Student safety has always been one of the biggest concerns in US society. Besides physical harmness, along with technology improvements, less-visible threats online have been rising, such as violent, pornographic, or other inappropriate information. It is getting grim, as a growing number of school districts offer laptops, iPad, Chromebooks or other devices for students to use in the classroom or at home. It is essential to keep an eye on students’ online activities so that school administrators and parents can identify potential threats or safety concerns early.

Illustration credit Ivan Jarvis
Why Securly
Nowadays, in the US, over 10,000+ schools have deployed online safety appliances a.k.a “Securly School” served by Securly Inc to monitor and filter students behaviors from any devices on their network. Instead of expensive devices, Securly School is supported by cloud-based services, for example, detect content on devices and block it, scan email, doc and drive for nudity, cyber-bullying and self-harm, etc. By leveraging these features, school administrators can monitor students’ use of school devices including internet usage while on the school network. Controlling the Wi-Fi connection of students’ school devices is also feasible. What if students use devices out of school network, for example, at home after school. Can parents play as school administrators to monitor children’s activities online in real time ? This critical problem was what my team and I figured out.
Terminologies referred in Home App

Who are the target users?
Securly Parents and Hub Parents are typically two target users of this Securly Home app. Securly parents can monitor school devices via Securly Home App with grants from school. Hub parents can use Securly App to manage personal devices via Securly Hub connecting to the router at home.
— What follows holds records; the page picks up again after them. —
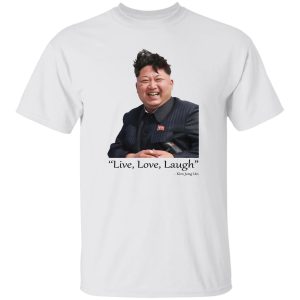 Live Love Laugh Kim Jong Un T-Shirts, Hoodies, Sweater 5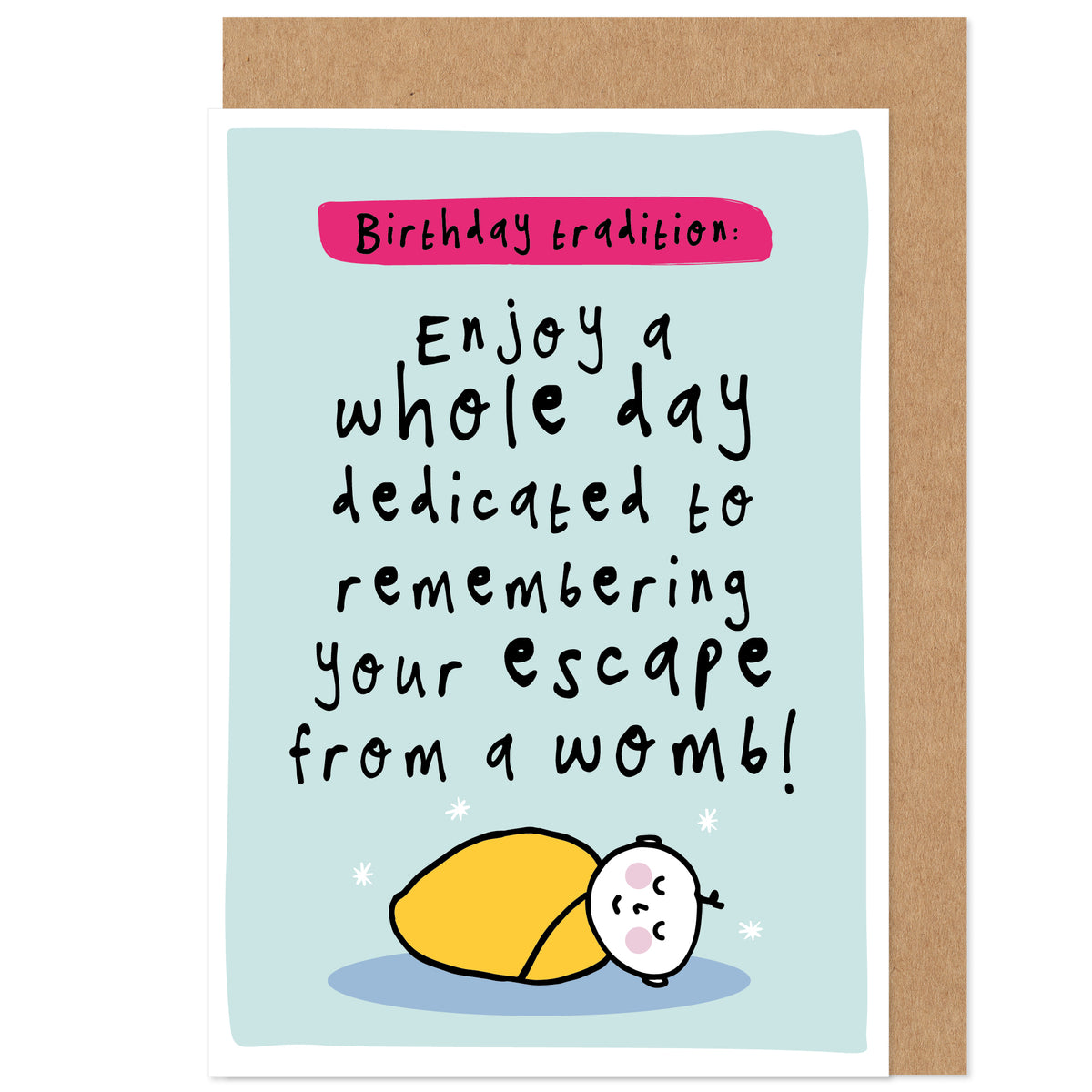 Weird Traditions Birthday Card | Escape From A Womb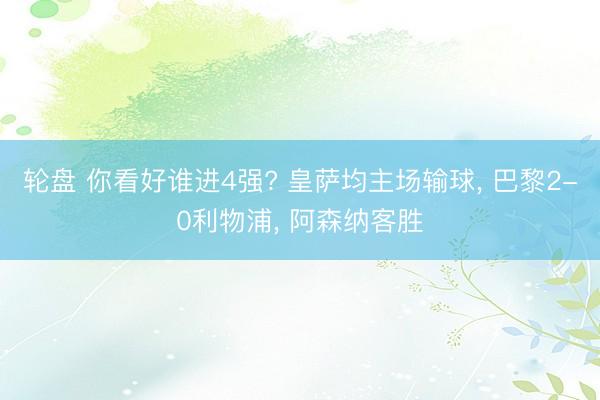 轮盘 你看好谁进4强? 皇萨均主场输球, 巴黎2-0利物浦, 阿森纳客胜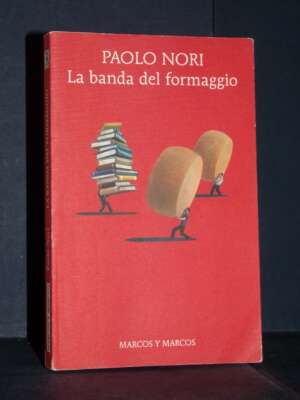 Paolo Nori – La banda del formaggio – Marcos y Marcos / Gli Alianti 211 – 2016 - Letteratura Italiana - Narrativa - Libreria…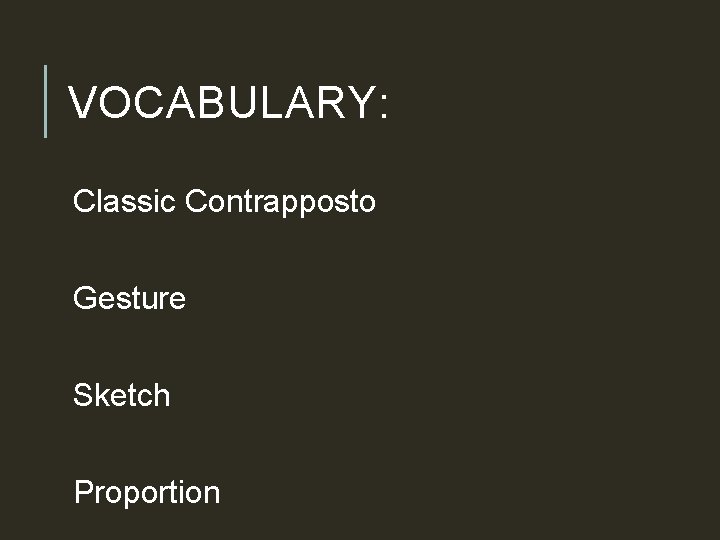 VOCABULARY: Classic Contrapposto Gesture Sketch Proportion  VOCABULARY: Classic Contrapposto Gesture Sketch Proportion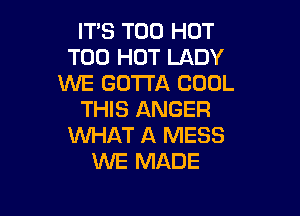 ITS T00 HOT
T00 HOT LADY
WE GOTTA COOL

THIS ANGER
WHAT A MESS
UVE MADE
Insight from Home App and device management
In order to find the problem, I talked with the support team to see all feedback from the users and interviewed 5 participants who never used this app before. My goals was to understand the challenges Secruly Parents and Hub Parents faced.


Design Strategy
Vision
To provide a flawless experience for parents who use Home App to enable children’s internet safety at home. To complete the product line of Securly for dominating market share of network safety solution providers, filling the gap that parents can not monitor and/or manage personal devices at home.
Business mode
We considered leveraging existing cloud-based services of “Securly School” to manage the school devices on the home network because school devices have already deployed MDM setup. We particularly designed a mobile app “Securly Home App” as a portal for parents to view and manage children’s behaviors on school devices that are connected to home Wi-Fi. This free service extension on school devices provides parents a good user experience of how effectively protecting children online. The parents gaining benefits from this “free-trial” service would likely pay for an advanced device “Premium Hub” deployed to the home router for managing all private devices in the same manners. Considering the base number of schools and parents that have been using “Securly School” and “Securly Home App” as well as the good feedbacks of user’s experience, we believe “Premium Hub” could be easily accepted and rapidly take the market share.
Matrix for evaluating success



User Journey

Workflow of Kid's Profile
Create a kid's profile

View, Edit and delete a profile


Avatar credit Edna Constantino
User Testing

Based on all the problems that we found in the first round user testing, I reconsidered details and implemented details in a high prototype like this:


Avatar credit Edna Constantino
Roadmap
To provide a flawless experience for parents who use Home App to enable children’s internet safety at home. To complete the product line of Securly for dominating market share of network safety solution providers, filling the gap that parents can not monitor and/or manage personal devices at home.

Manage Devices
As we redesigned the workflow based on a profile oriented model, we grouped the functionality of device management by profiles instead of listing all devices in a single panel. By this design, a device must be either assigned to a profile (manageable, a.k.a. “filtered”) or not assigned (not manageable, a.k.a “unfiltered”). New added devices were sticked on top with new tags in the unfiltered device list. Parents could also assign unfiltered devices to any profile to enable management. In the managed device panel, the parents had a clear view that a kid has all devices associated with him/her, and could easily control these devices. For example, assign a device to another profile. In a real case, the elder brother transferred an iPad to his little brother who had an individual profile with different rules applied. Remove a device from profile, just like people didn’t want to care about an old cell phone that was not using.



Set up Rules

Activity Feed with Kid's Profile

User Testing Result

Final UI Mockup

After launch...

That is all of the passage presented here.